A total of 163 patients from 30 June to 30 November 2023 were consecutively enrolled, and 22 patients were excluded, of which 11 patients with stenosis >90%, 7 patients underwent direct PCI without FFR testing, 4 patients with poor-quality MCG imaging and finally, 141 patients with borderline coronary lesions underwent MCG and FFR sequentially (figure 1). In this study, the cardiologists were not aware of the MCG results at the time of the FFR examination, and the MCG parameters were determined before the FFR examination (online supplemental figure 1).
Figure 1. Flowchart of the study design. CCTA, coronary CT angiography; MCG, magnetocardiography; ICA, invasive coronary angiography; FFR, fractional flow reserve; OPM, optical pumped magnetometer; PCI, percutaneous coronary intervention.
ICA and FFR procedures
ICA and FFR measurements were performed on the vessels according to the 2021 ACC/AHA/SCAI Guidelines for Coronary Artery Revascularization and Expert consensus on the clinical pathway for FFR measurement in China. After the administration of nitroglycerin, a pressure monitoring guidewire was advanced through the stenosis. Hyperaemia was attained by the administration of intravenous adenosine (140 µg/kg/min). The FFR pressure wire was positioned a minimum of 20 mm distal to the stenosis in vessel segments ≥2 mm. The presence of an FFR ≤0.80 was considered a positive indicator of functional ischaemia in patients and was defined as the FFR-positive group.
MCG imaging
The MCG recordings were conducted using a 36-channel OPM-MCG system (Miracle MCG), featuring OPM sensors sourced from Beijing X-Mag Technologies’ mature commercial product. The OPM sensor is based on the spin-exchange relaxation-free technology, with alkali metal atoms as the core sensitive element. The OPM sensor has a sensitivity below 30 fT/Hz1/2, a recording bandwidth of 1 Hz–40 Hz, a sampling frequency of 200 Hz and a noise baseline not higher than 15 fT. The OPM-MCG residual magnetic field is kept below 1.5 nT, and the data acquisition mode is analogue signal acquisition (online supplemental figure 2). Each subject had a 90 s continuous recording at 36 locations (6×6 grid) above the chest using an arrayed sensor grid.

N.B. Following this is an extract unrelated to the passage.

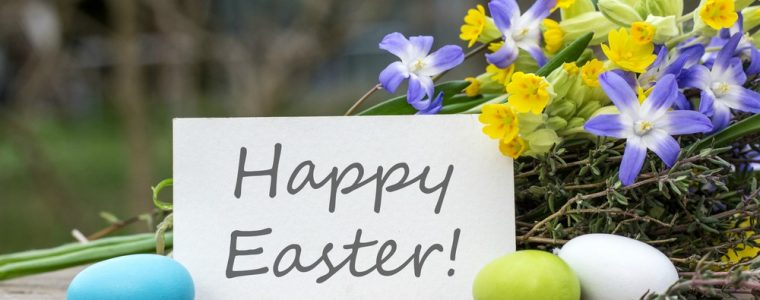 a card with Happy Easter on it surrounded by blue flowers and eggs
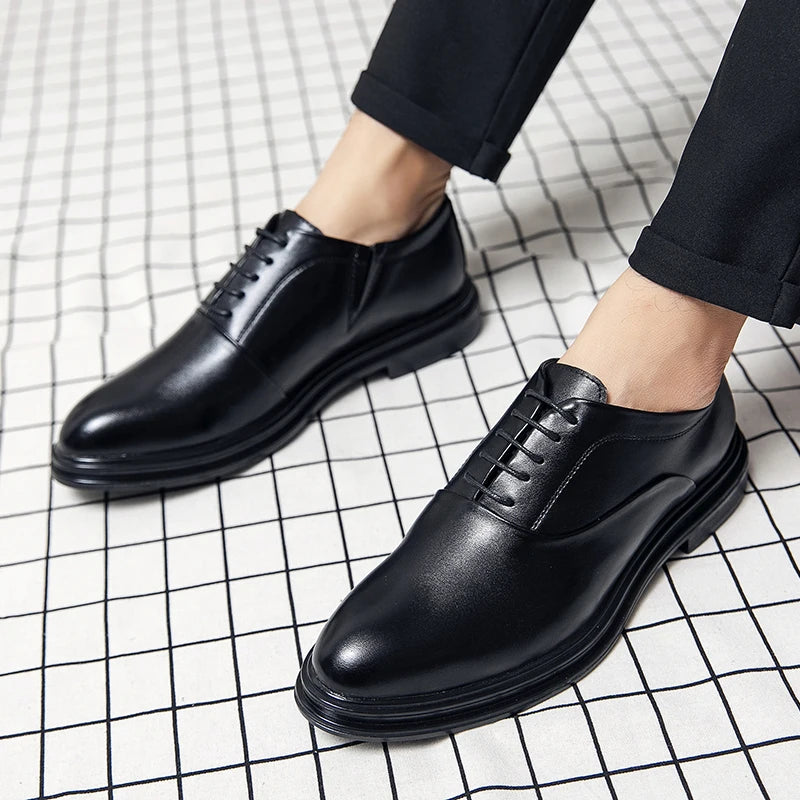 Men's Dress Shoes Classic Office Social Oxford Leather Shoes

MCG signal analysis and statistical analysis
After MCG data acquisition, the software automatically post-processes the signals to generate magnetic field and current density maps and output 65 parameters (online supplemental table 1). The 65 parameters we output characterise the stability of the current dipole in the TT segment (the position from one-third of the T max amplitude (T onset) to T max (T peak)) according to the previous studies of Park et al and Pena et al (see supplementary material for post-processing steps).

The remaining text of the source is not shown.